It depends upon your exact situation, policy and insurance company. You would be wise to check very carefully. Standard agricultural policies do not cover fracking activities on your own land.

But hasn’t fracking been going on in the states for ages with no problems?
Not exactly. This type of high volume hydraulic fracturing has only been used for the past decade or so, and has caused severe problems for local land owners. The gas companies have been exempt from much environmental legislation (of teh kind that farmers have to abide by) and so there has been little monitoring of their activities. When a problem such as contaminated water arises, residents have very often been forced to sign gagging clauses, so they cannot go public about their experiences.

But it would be better here, wouldn’t it?
Not necessarily.

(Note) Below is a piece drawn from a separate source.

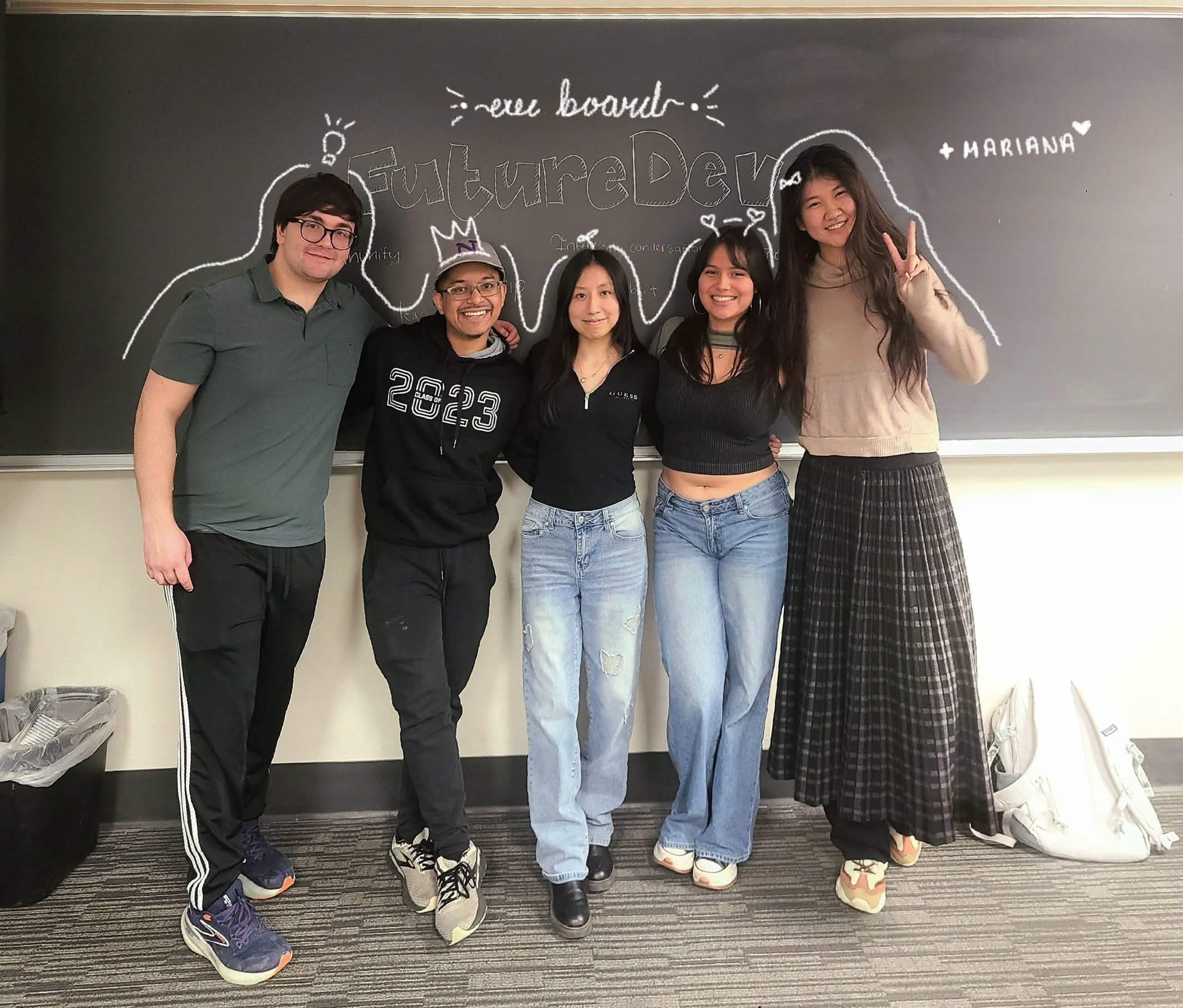 FutureDev's executive board posing together in front of a chalkboard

We have no specific laws about fracking, so are dependant on regulations drawn up for very different operations administered by bodies which are unfamiliar with the technology, often with a lack of resources and a poor history of enforcement. Fermanagh also has a very different landscape from most of America, with our complex network of loughs, rivers and streams, our rich habitats and unique geological heritage. If Fermanagh’s landscape was to be transplanted to the United States, say many Americans, there is no way that they would frack here.

What can I do if I’m concerned about this?
Contact your political representatives, especially MLA’s and ministers, and let them know that this issue matters to you. Talk to your neighbours, family and friends and encourage them to look behind the cheerful headlines.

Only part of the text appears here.